Bright Ice, Dirty Ice

Caption: The frigid, icy moon Enceladus (505 kilometers, 314 miles across) hovers above Saturn’s exquisite rings in this color view from Cassini. The rings, made of almost pure water ice, have also become somewhat contaminated by meteoritic dust during their likely several hundred million year history. Enceladus shares the rings’ nearly pure water ice composition, but appears to have eluded dust contamination through resurfacing processes that scientists are still trying to understand.

Dust affects the rings’ color, while differences in brightness are attributable to varying particle sizes and concentrations.
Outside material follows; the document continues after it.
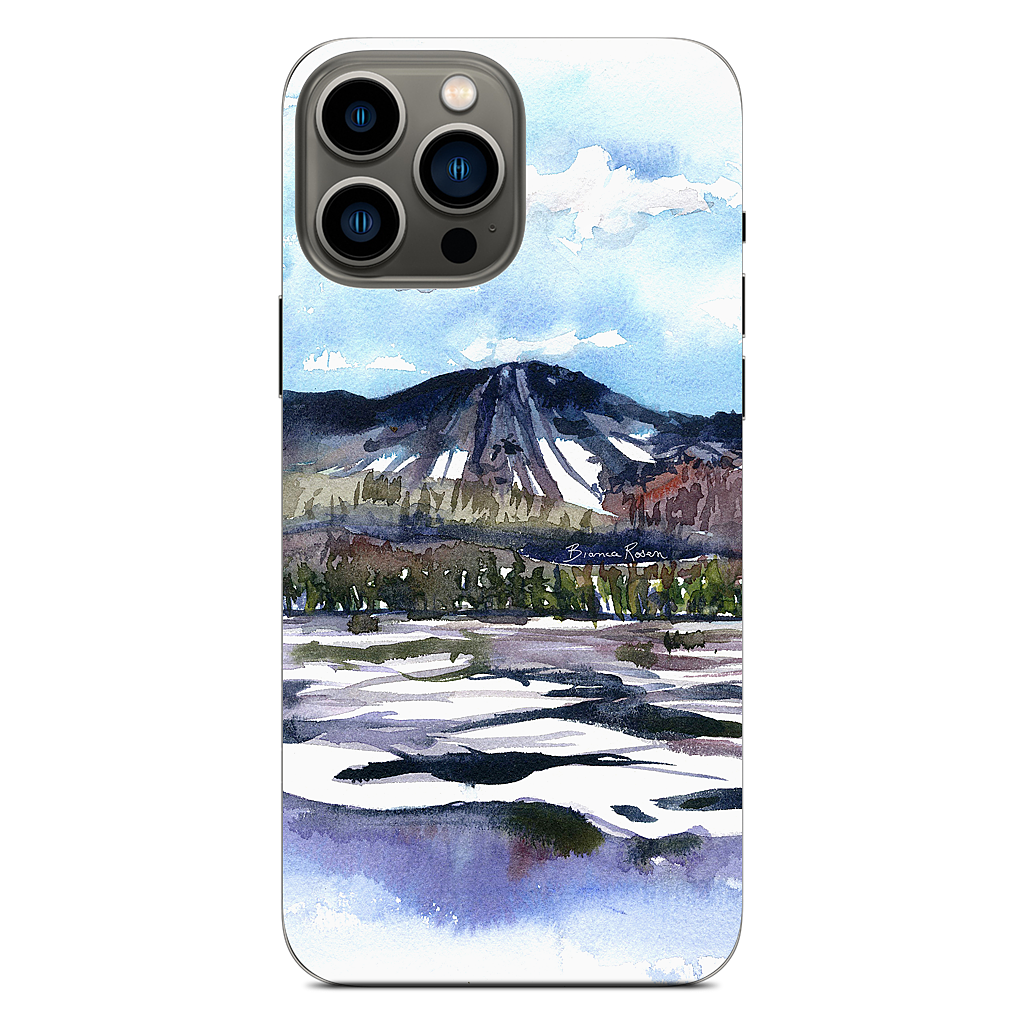 Ski Mountain iPhone Skin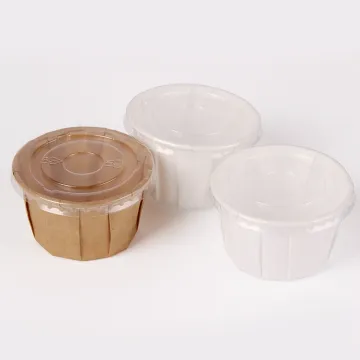 Disposable 2oz Paper Takeaway Sauce Cup with PET Lid: Your Ideal Choice for Convenient Food Service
The images for this natural color view were taken with the narrow angle camera on April 5, 2005, from a distance of approximately 2.2 million kilometers (1.4 million miles) from Saturn through red, green and blue spectral filters. The image scale is 13 kilometers (8 miles) per pixel.

The Cassini-Huygens mission is a cooperative project of NASA, the European Space Agency and the Italian Space Agency. The Jet Propulsion Laboratory, a division of the California Institute of Technology in Pasadena, manages the Cassini-Huygens mission for NASA's Science Mission Directorate, Washington, D.C. The imaging team consists of scientists from the US, England, France, and Germany. The imaging operations center and team lead (Dr. C. Porco) are based at the Space Science Institute in Boulder, Colo.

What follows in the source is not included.